- Born: November 28, 1961 (age 64) Woodbridge, Connecticut, U.S.
- Occupations: Film director, screenwriter, producer
- Spouse: Laurie Sandell ​(m. 2018)​
- Father: George Mostow

= Jonathan Mostow =

American film director, screenwriter and producer

Jonathan Mostow (born November 28, 1961) is an American film director, screenwriter, and producer. He has directed films such as Breakdown (1997), U-571 (2000), Terminator 3: Rise of the Machines (2003), and Surrogates (2009).

==Early life==
Mostow was born in Woodbridge, Connecticut. His father George Daniel Mostow was a mathematician, and his mother is a social worker. He graduated from Harvard University. He also trained at the American Repertory Company and the Lee Strasberg Institute. He grew up in a Conservative Jewish household.

==Career==
In 1989, Mostow directed a direct-to-video horror comedy, Beverly Hills Bodysnatchers.

Mostow was originally attached to direct The Game (1997), with Kyle MacLachlan and Bridget Fonda for the lead roles. However, he ended up being an executive producer after David Fincher came on to direct. In 1997, he directed Breakdown, a thriller film starring Kurt Russell. Around the same time, he signed a deal with Universal Pictures.

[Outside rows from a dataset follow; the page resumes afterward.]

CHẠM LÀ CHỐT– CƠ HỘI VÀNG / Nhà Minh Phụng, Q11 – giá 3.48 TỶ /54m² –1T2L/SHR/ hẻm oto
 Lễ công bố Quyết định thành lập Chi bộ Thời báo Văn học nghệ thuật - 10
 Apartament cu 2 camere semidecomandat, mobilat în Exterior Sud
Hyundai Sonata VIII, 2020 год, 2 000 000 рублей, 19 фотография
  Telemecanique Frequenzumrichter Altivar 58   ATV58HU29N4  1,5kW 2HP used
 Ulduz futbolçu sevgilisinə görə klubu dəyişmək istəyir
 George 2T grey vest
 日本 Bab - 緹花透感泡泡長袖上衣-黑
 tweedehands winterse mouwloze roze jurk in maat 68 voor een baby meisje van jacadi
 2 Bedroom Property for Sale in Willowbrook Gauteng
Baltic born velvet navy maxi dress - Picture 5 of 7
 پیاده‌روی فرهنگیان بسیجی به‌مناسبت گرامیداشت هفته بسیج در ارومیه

Both Mostow and Lieberman received a TV deal, via his Mostow/Lieberman Productions company to Studios USA.

In 2000, Mostow directed a World War II-era submarine film, U-571. He assembled a cast including Matthew McConaughey, Bill Paxton, Harvey Keitel, TC Carson, and Jon Bon Jovi. The film topped the U.S. box office chart.

In 2003, Mostow directed the third installment of the Terminator film series, Terminator 3: Rise of the Machines, which starred Arnold Schwarzenegger.

Mostow co-wrote a comic book series, The Megas, with John Harrison. Illustrated by Peter Rubin, it was published on Virgin Comics in 2008.

Mostow returned to direct another film, Surrogates, in 2009. Based on the comic book series, it starred Bruce Willis.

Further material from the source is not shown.